Wednesday, 25 January 2012

THE NEW NUREYEV: ALL DANCED OUT

Sergei Polunin, the youngest dancer ever to become a principal at the Royal Ballet, has resigned, sensationally, less than two years after his promotion.  While rumours suggest that he felt 'constrained' by the regime at the Royal Opera House, that he 'wants to make big money' from dancing around the world, and that he yearns to do something completely different - perhaps even open a tattoo parlour - insiders suggest that he is simply burned out, and has had enough.

I spent time in London with the boy tipped to be the New Nureyev when he was on the brink of superstardom and had the whole world at his feet. I also travelled to Cuba with him and the Royal Ballet, for the Company's historic visit:  the first by a foreign ballet company in 40 years. Anything could have happened in the following two years. It did.
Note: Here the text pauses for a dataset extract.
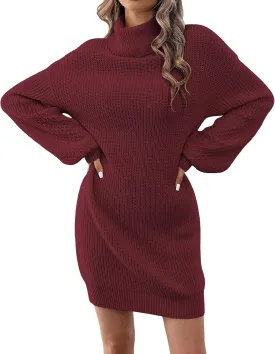Women's Turtleneck Textured Lantern Sleeve Ribbed Knit Mini Dress Pullover Oversized Sweater Dresses S-XL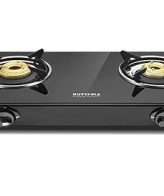 Kutchina - Pluto 2B glass top 2 burner gas stove, Cooktop Manual Ignition, Black (27- inch W - 6 - inch L)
The sinewy figure in sweats striding backstage where legends are made was not instantly recognisable as a modern Czar of classical ballet. To the naked eye, he was just a young dancer who had put in a hard day at the barre. Bereft of tunic, tights, wig and greasepaint, hair flopping like a damp flannel, there was little about the Royal Ballet’s new soloist to suggest a superstar.

This, however, is the company’s expectation of Sergei Polunin, the gobsmacking teenager who has taken Covent Garden by storm. His promotion, which led to him dancing not one but an unprecedented two leads this season - as the Prince in Tchaikovsky’s Nutcracker and Solor in La Bayadere - has caused a sensation. In scenes rarely witnessed inside the Opera House, audiences erupted like rock fans as he took his bows. Polunin, 19, has no B-plan. Having won the Prix de Lausanne at 13, the world’s largest student ballet competition Youth America Grand Prix in New York at 16, and having been named Young British Dancer Of The Year in 2007, he could be forgiven for starting to strut in Nureyev’s footsteps. He has eaten, slept and dreamt of nothing else since he was a little boy. In the quest to realise his far-fetched ambition, the sacrifices made by Sergei and his family have been mind-boggling. We meet in a bare-bulbed dressing room in the bowels of the Opera House. Sergei lands, legs akimbo, palming sweat from his neck. The physical similarities between him and the young Nureyev are obvious: Slavic mien, tall, strong, not a scraping of fat. His grey-green eyes lend steely appeal to a puzzled, slant-smiled face. But it is perhaps a tad early to predict whether Polunin will metamorphose into a modern version of the Siberian sex god.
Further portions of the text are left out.